衣食华贵可以拔高心气,诗书文典能够升华才气。陆机一边啃书一边啃大餐,身心协调发育逐渐名声鹊起。

少有异才,文章冠世,伏膺儒术,非礼不动。

孙休的名声很好,可惜不到三十岁就死了。

魏蜀吴铁三角摇摇欲坠,司马昭将魏帝玩弄于鼓掌之间,蜀汉的刘禅干脆举手投降(见秦岭一白.钟会篇)。

东吴的大臣们吵翻了天,眼看着国际形势日益严峻,十岁的太子继位能干啥,还不如让年长的孙皓当皇帝。

想当年,孙策也没有传位给儿子,而是让弟弟孙权稳定大局...

孙皓的名声挺不错,继位没多久却关闭了美颜功能。他杀掉孙休的四个儿子,朝着昏庸暴虐方向撒腿狂奔。

陆抗听到朝堂种种传闻,只能望着滚滚江水长吁短叹。对岸驻扎着晋朝军队,羊祜正盯着荆州城陷入沉思。

陆抗不挑衅,东吴的实力只够自保。

羊祜不挑战,晋朝的实力不够灭吴。

两人各为其主,却是英雄惜英雄。

陆抗每次约好开战时间,严厉拒绝部下的偷袭方案。羊祜逮住投降的东吴将领,五花大绑交还给陆抗处置。

明明是剑拔弩张的对手,偏偏表现的更像礼尚往来。晋军收割东吴百姓的稻谷,竟会留下钱财权当购置费。
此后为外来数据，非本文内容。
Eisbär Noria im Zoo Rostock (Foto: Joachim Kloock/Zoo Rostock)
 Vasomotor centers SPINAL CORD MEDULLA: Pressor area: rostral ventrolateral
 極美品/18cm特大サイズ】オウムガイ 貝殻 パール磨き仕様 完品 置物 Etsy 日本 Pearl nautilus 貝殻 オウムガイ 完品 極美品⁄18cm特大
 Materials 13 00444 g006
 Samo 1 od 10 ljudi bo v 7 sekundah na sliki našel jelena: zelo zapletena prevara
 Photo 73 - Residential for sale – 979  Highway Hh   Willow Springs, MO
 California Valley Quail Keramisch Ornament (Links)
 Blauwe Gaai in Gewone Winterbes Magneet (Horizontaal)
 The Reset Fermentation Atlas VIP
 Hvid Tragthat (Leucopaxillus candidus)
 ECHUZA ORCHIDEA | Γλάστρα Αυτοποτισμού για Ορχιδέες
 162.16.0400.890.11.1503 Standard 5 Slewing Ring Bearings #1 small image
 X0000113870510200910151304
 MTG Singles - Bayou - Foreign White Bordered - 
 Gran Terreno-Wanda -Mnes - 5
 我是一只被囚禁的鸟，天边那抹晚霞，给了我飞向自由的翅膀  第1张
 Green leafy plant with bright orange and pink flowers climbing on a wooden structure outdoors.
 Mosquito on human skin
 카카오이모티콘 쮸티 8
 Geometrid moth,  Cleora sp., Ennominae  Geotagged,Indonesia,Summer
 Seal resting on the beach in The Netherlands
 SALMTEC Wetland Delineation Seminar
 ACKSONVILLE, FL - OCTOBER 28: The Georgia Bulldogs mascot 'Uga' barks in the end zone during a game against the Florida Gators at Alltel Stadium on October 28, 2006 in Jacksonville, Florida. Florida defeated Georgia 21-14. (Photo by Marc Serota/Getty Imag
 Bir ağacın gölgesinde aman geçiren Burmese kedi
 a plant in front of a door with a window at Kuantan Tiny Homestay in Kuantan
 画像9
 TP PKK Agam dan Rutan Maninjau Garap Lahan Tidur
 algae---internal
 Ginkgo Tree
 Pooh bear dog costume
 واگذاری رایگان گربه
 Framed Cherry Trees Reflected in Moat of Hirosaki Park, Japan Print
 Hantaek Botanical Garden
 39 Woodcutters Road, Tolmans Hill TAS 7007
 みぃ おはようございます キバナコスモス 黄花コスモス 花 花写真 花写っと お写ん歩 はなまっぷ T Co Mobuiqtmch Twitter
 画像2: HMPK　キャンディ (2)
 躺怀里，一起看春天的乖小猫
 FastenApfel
孙皓对陆抗极其不满意,多次催促他赶紧打出国威。其实双方一直都在交战,只不过是在争夺民心和信义。

陆抗上奏道:一邑一乡,不可以无信义,况大国乎!臣不如此,正是彰其德,于祜无伤也。

陆抗在能与不能之间焦灼,病情也在好与不好之间反复。

羊祜听说敌方主将病倒,派人横跨长江送来丹药,陆抗的部下纷纷劝阻道:哪个正常人希望对手活蹦乱跳?

陆抗笑着倒掉杯里的残渍,部下以为是暗示扔掉丹药,正准备扔时突然听见:干啥?上面写着温水吞服啊。

羊祜岂鸩人者!

陆羊之交逐渐传为美谈,风平浪静之下都在暗自蓄力。羊祜拿到批文操练兵将,陆抗的建议书却沦为手纸。

孙皓常年不干正事,好像捡来的皇位能爽一天算一天。陆抗感受着晋军的兵锋,早晚会戳穿东吴这艘破船。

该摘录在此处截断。